C'est autour de cet événement historique que tourne la série "Barbares" dernier cru Netflix de cet automne 2020. Commençons par les points positifs, c'est une série qui porte sur Rome et sa relation aux populations dites "barbares", c'est assez rare pour être apprécié. Surtout que les réalisateurs font l'effort de faire parler les romains en latin ! Et ça c'est grave stylé !! Le rythme est très bon, on est tout de suite pris dedans sans jamais décrocher : les six épisodes se regardent avec une facilité incroyable ! Les décors sont bons, l'ambiance est bonne, mis à part deux trois détails on s'y croirait.
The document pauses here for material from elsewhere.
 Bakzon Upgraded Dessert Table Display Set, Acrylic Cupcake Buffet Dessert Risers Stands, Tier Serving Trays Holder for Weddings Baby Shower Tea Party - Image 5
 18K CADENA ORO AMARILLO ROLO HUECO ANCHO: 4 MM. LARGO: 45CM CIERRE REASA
Les points négatifs, sans vouloir répéter ce qui a été dit dans d'autres critiques, tournent principalement autour de la psychologie des personnages (Thusnelda est agaçante, Wolfspeer un peu neuneu). Seul le personnage d'Arminius tient à peu près la route (et encore, certaines scènes m'ont laissé un peu pantois sans vouloir spoiler, elles sont sur la fin).
Autre point négatif, mais qui n'est pas si important (ça l'est quand même un peu) que cela lorsqu'on regarde une série, c'est la cohérence historique. J'ai lu dans les critiques ici que certains se plaignent que la bataille soit pas comme ce qu'ils ont lu chez Tacite, Velleius Paterculus ou Dion Cassus, mais franchement les gars y'a pas non plus de quoi faire un scandale. Tout le monde n'est pas forcément aussi tatillon sur le respect des faits historiques, et je pense que les scénaristes avaient conscience des sources latines et de l'historiographie récente, et qu'ils ont simplement décidé délibérément d'adapter librement l'histoire afin de servir le scénario.
Par exemple, si l'on suit les informations de l'historien romain Velleius Paterculus, Arminius n'était pas le fils adoptif de Varus, il a été à Rome pendant sa jeunesse, puis sert l'armée Romaine. Après avoir servi l'armée romaine il devient chef des Chérusques en succédant à son père Sigimer.
Dans la série, le lien père/fils purement fictionnel entre Varus et Arminius sert la dramatisation du récit.
Je vous recopie ici le passage pour que vous puissiez comparez, la référence c'est Histoire Romaine de Velleius Paterculus, Livre II, CXVIII-CXIX
Alors un jeune homme noble, courageux, intelligent, d'une vivacité d'esprit extraordinaire chez un barbare et qui portait sur son visage et dans ses yeux l'ardeur de son âme, Arminius, fils de Sigimer chef de cette nation, après nous avoir fidèlement servis dans la campagne précédente et avoir même reçu de nous le droit de cité et le rang de chevalier, trouva dans la faiblesse de notre général l'occasion de son crime. Il avait pensé, non sans raison, que personne n'est plus rapidement abattu que celui qui est sans inquiétude et que la confiance aveugle est la cause la plus ordinaire des désastres.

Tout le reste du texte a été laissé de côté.